All well and good, finished work and was enjoying a few beers, and had popped out for a joint; at this point Ruairi called me back in to explain that the sauces were not properly aligned, or whatever, and that I would have to do them again. To be fair I can’t really blame him for that, since Liv (the bar manager) would doubtless be on his case otherwise, but at the time I took it in totally the wrong way. I got really pissed off with the situation (I had already had to stay 1/2 an hour later than I was supposed to ‘cos Kerry was late), and ended up leaving the wee metal bowls not being too much neater than they were before. Still raging, I sat down and sipped my beer slowly, trying to calm down as much as I could.

Still in the bar a futher 1/2 hour later, and had again popped out for a joint in an effort to calm the nerves. Of course, fate having a good feel for the ridiculous, out pops Liv to ask if I could help filling up the fucking sauce bowls. You see, there is a proper order…

  1. Fritessaus (mayo, sort of).
  2. Mayo.
  3. Tomato ketchup.
  4. Mustard.

They must not on any account be mixed up. Apparently people might possibly then keep them neater when they are using them (although not so far as I have seen).

This time around I no longer felt quite so pissed off, but more as if I was in some strange, bizarre psychological experiment, or maybe an episode of The League of Gentlemen. Or perhaps in one of those churches where people throw their arms up in the air and start dribbling and speaking in tounges.

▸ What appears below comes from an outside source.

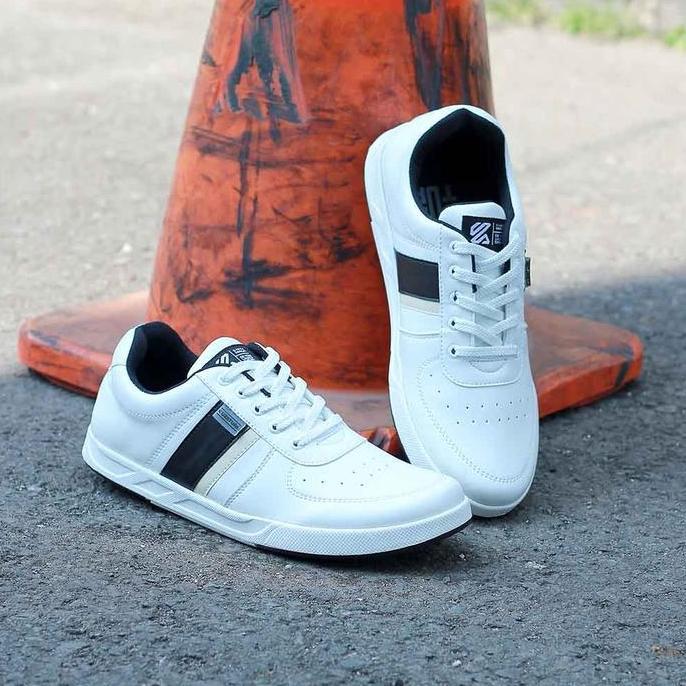 DISKON SEPARU PUTIH CASUAL PRIA ORIGINAL SNEAKERS / SNEAKERS PUTIH PRIA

What I mean is, I just could not for the life of me see how anyone could find something like this even the teeniest bit important. We are not a fucking Michelin-star restaurant. We are an Irish pub that serves basic but tasty pub food at inflated prices to drunken British tourists. No-one cares about the bloody sauces.

Wrong
Wrong

Right
Right

 

The world is full of people like this, I am sure, for whom the most stupid, petty things have become the most important and serious part of their silly little lives. Kids are dying in their thousands from malnutrition and wars in Africa every single day, there is still no cure for cancer, and yet it matters how ketchup sachets sit in a wee steel bowl.

Grow up, for crying out fucking loud.

3 Responses to “Sauce”

  1. Laura Says:

    This is what we call ‘ant fucking’ young Meighan. A daily routine in the lives of little people.

    XX

  2. c_meighan Says:

    Aye. There’s one born every minute.